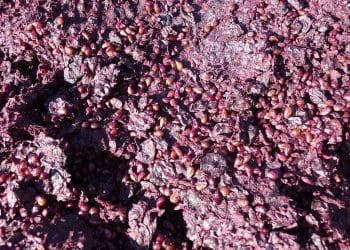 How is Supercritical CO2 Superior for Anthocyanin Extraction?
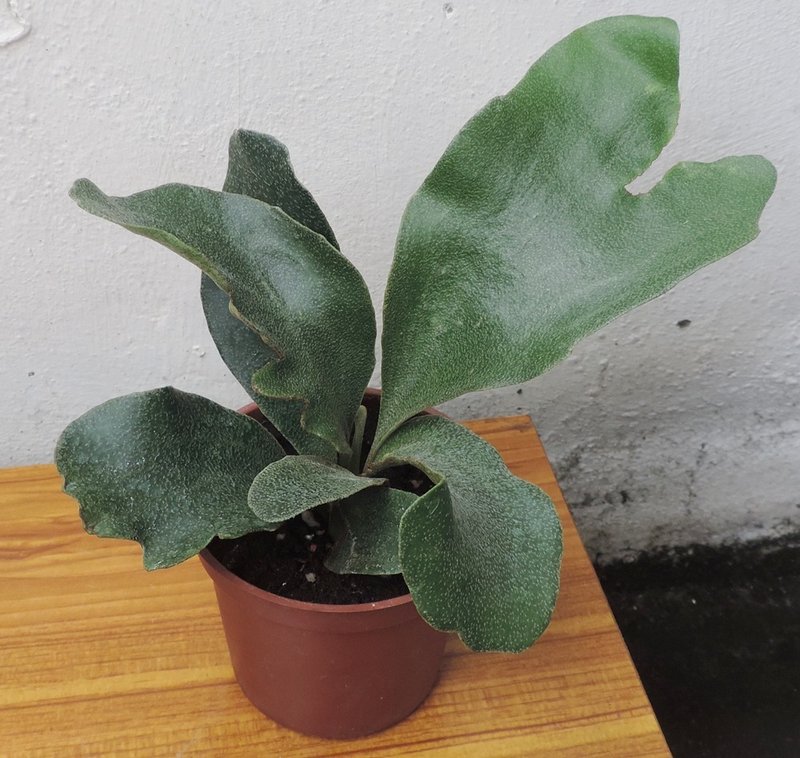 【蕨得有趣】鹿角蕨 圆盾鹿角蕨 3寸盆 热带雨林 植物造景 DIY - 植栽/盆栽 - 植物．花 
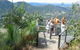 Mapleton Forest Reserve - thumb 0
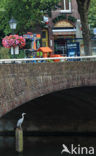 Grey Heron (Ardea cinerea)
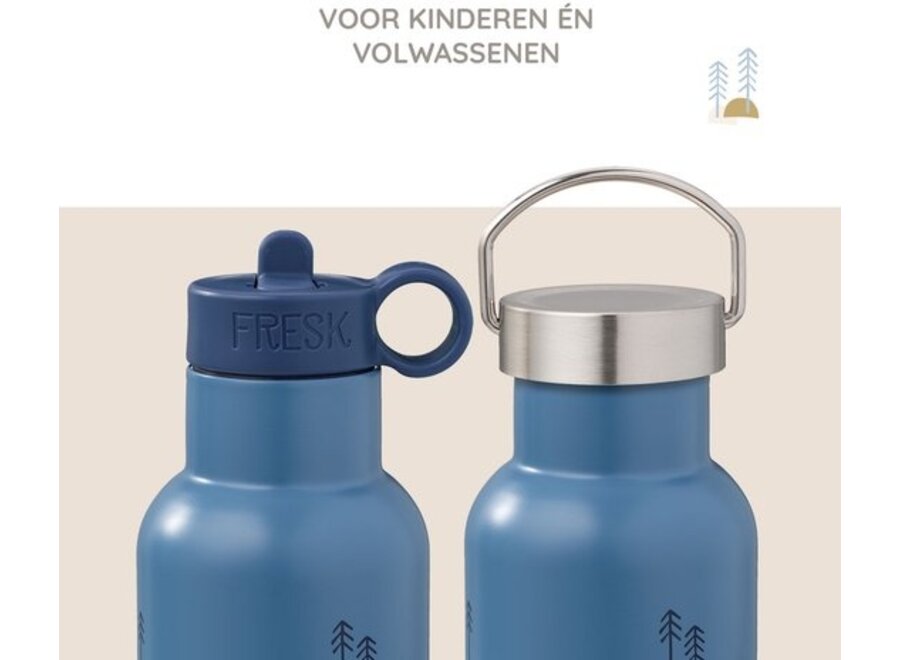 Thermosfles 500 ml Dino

──────────

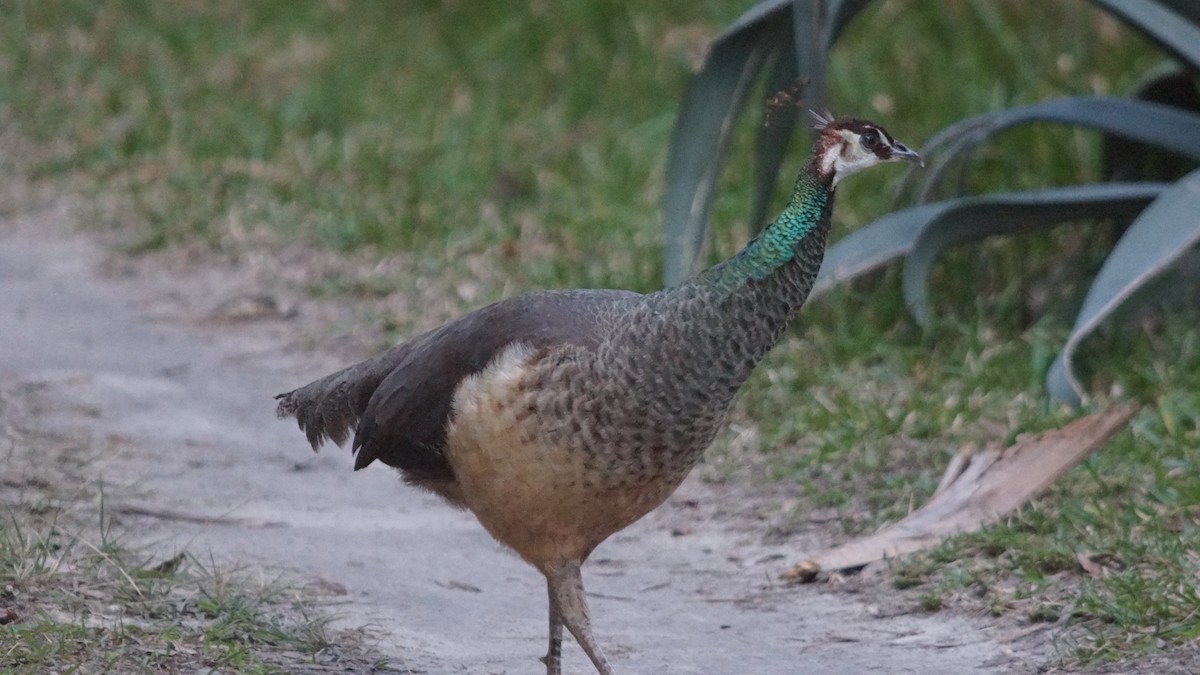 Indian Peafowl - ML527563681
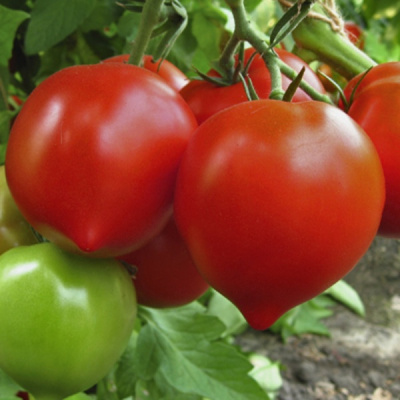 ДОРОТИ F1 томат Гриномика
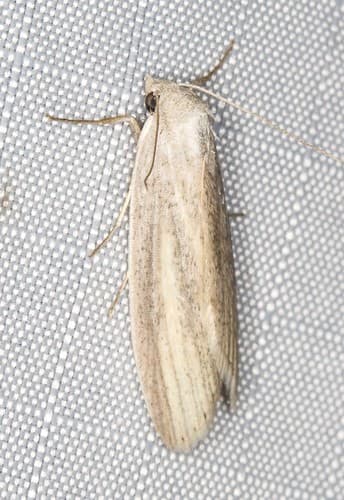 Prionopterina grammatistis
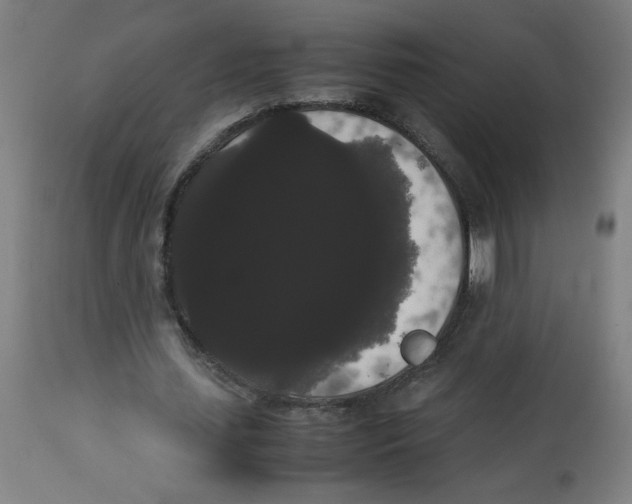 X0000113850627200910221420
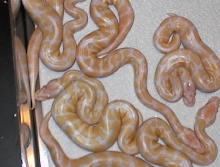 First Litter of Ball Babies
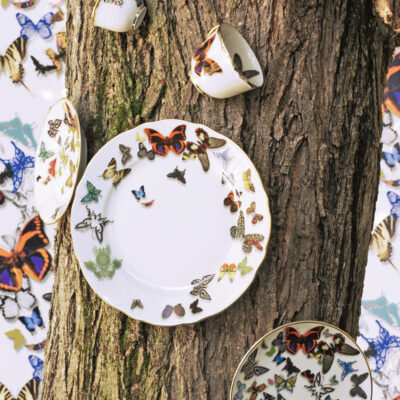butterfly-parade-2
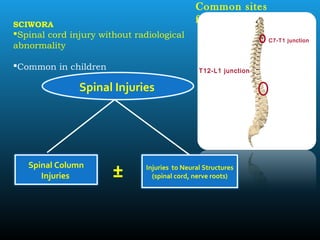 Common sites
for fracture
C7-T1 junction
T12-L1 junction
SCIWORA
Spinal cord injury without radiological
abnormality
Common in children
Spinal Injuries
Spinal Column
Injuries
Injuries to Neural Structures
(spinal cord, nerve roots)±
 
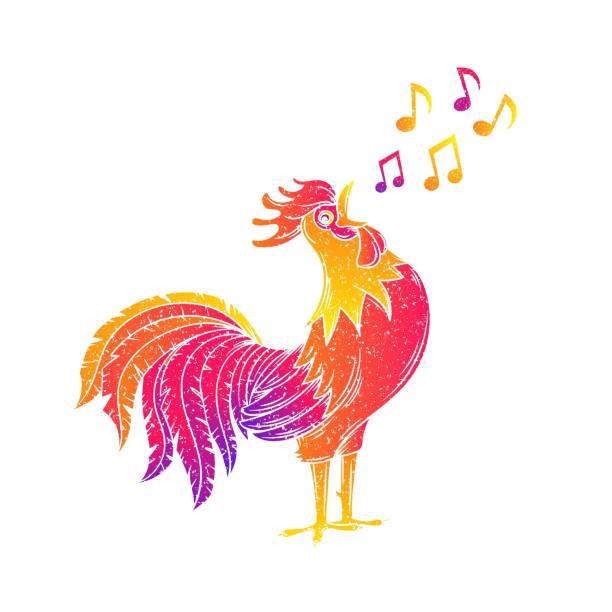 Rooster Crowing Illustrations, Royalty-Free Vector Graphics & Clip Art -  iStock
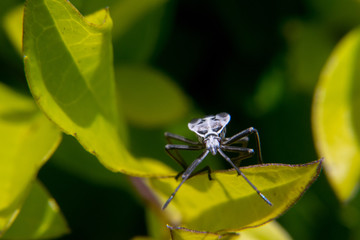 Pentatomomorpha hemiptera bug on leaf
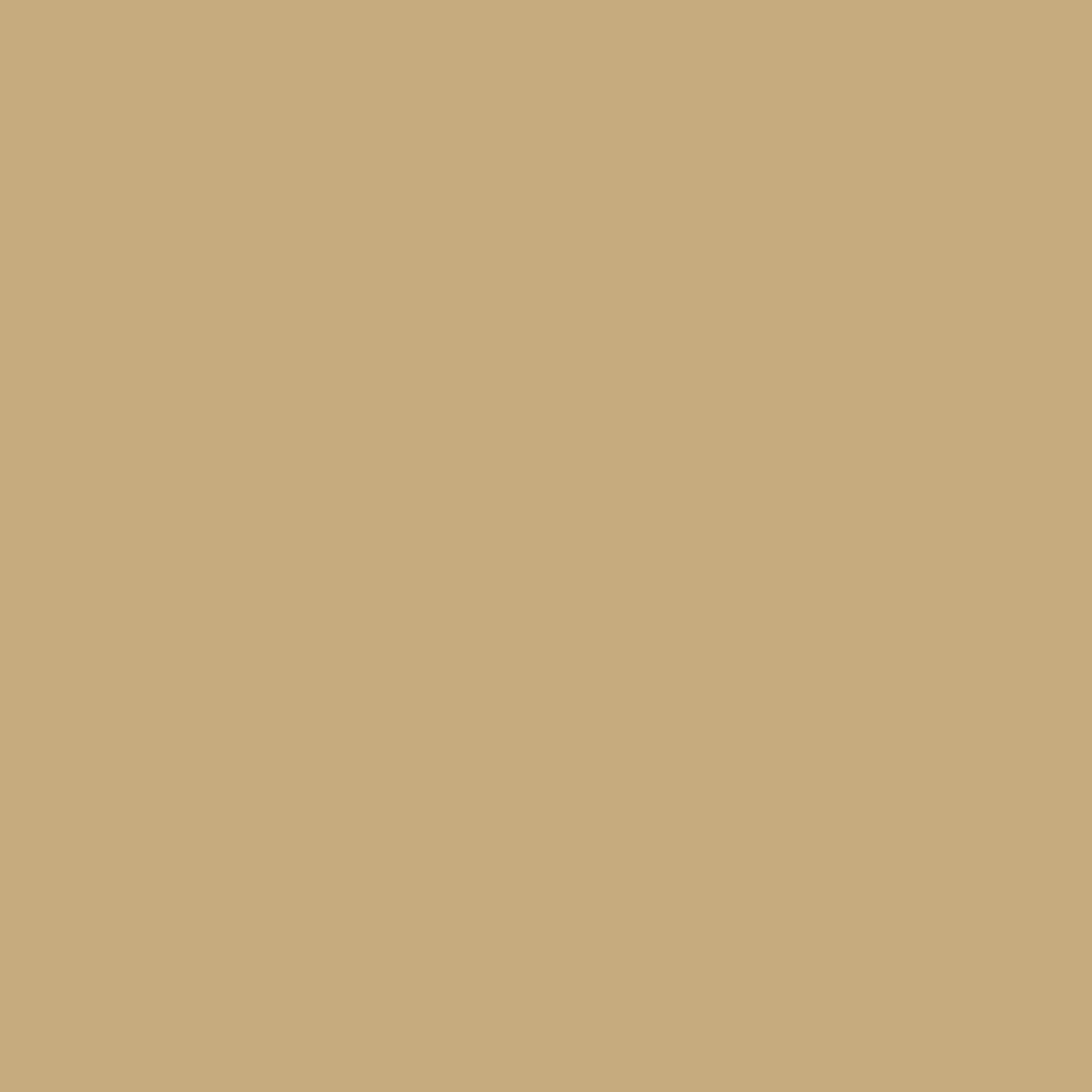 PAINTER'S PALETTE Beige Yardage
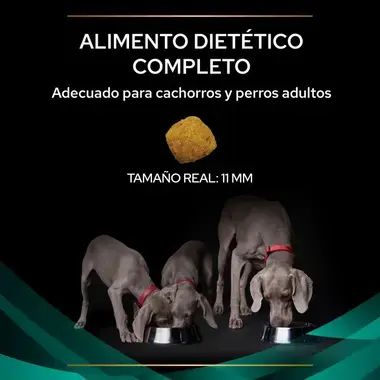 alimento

──────────

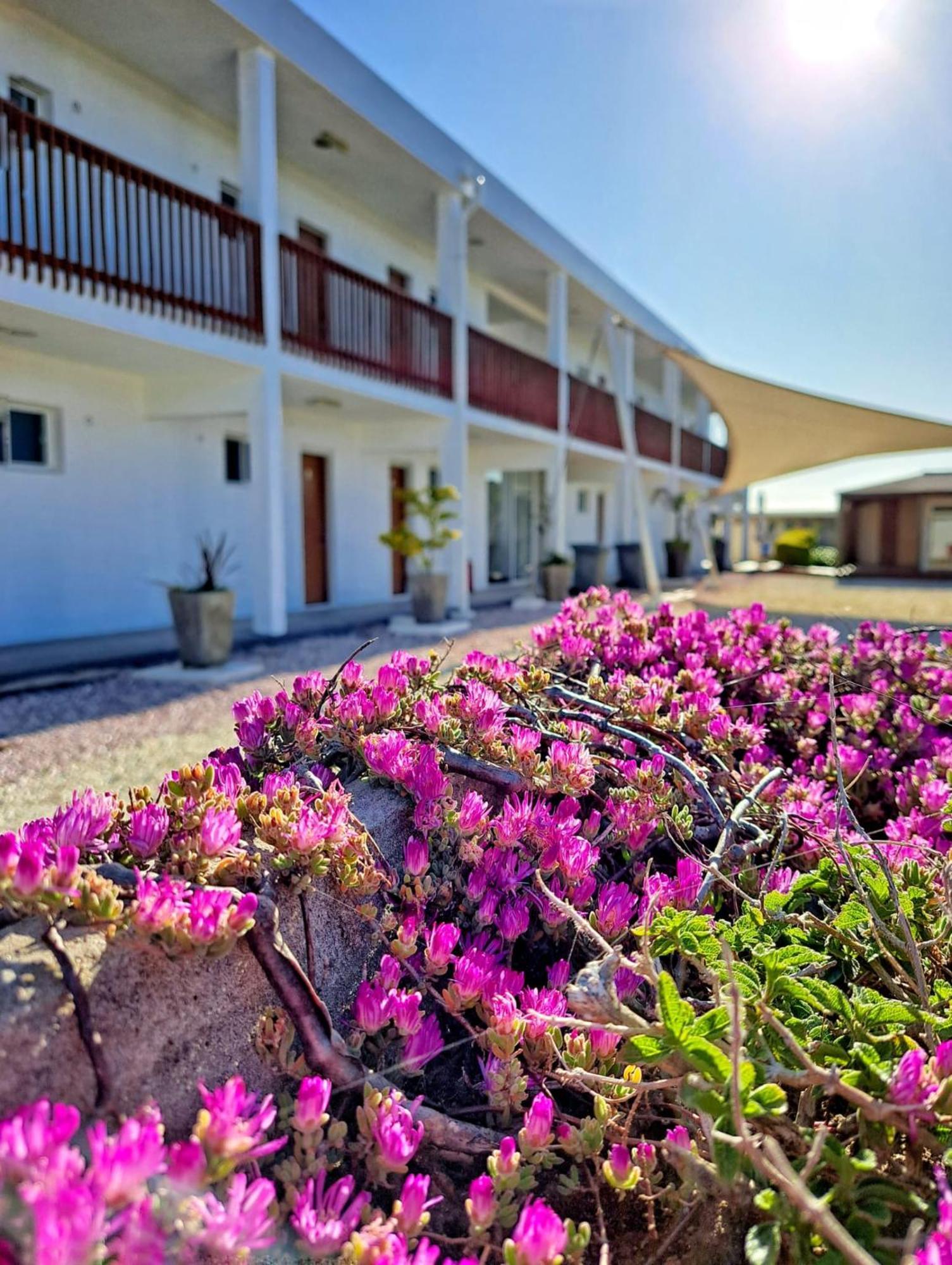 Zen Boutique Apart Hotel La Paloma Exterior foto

──────────

● **Goal of the exercise**
Starting at the line above with "How is Supercritical", output every line exactly up to and including the line with "Thermosfles 500 ml Dino", but none of the pictures.

● **Result for this exercise**
 How is Supercritical CO2 Superior for Anthocyanin Extraction?
 【蕨得有趣】鹿角蕨 圆盾鹿角蕨 3寸盆 热带雨林 植物造景 DIY - 植栽/盆栽 - 植物．花 
 Mapleton Forest Reserve - thumb 0
 Grey Heron (Ardea cinerea)
 Thermosfles 500 ml Dino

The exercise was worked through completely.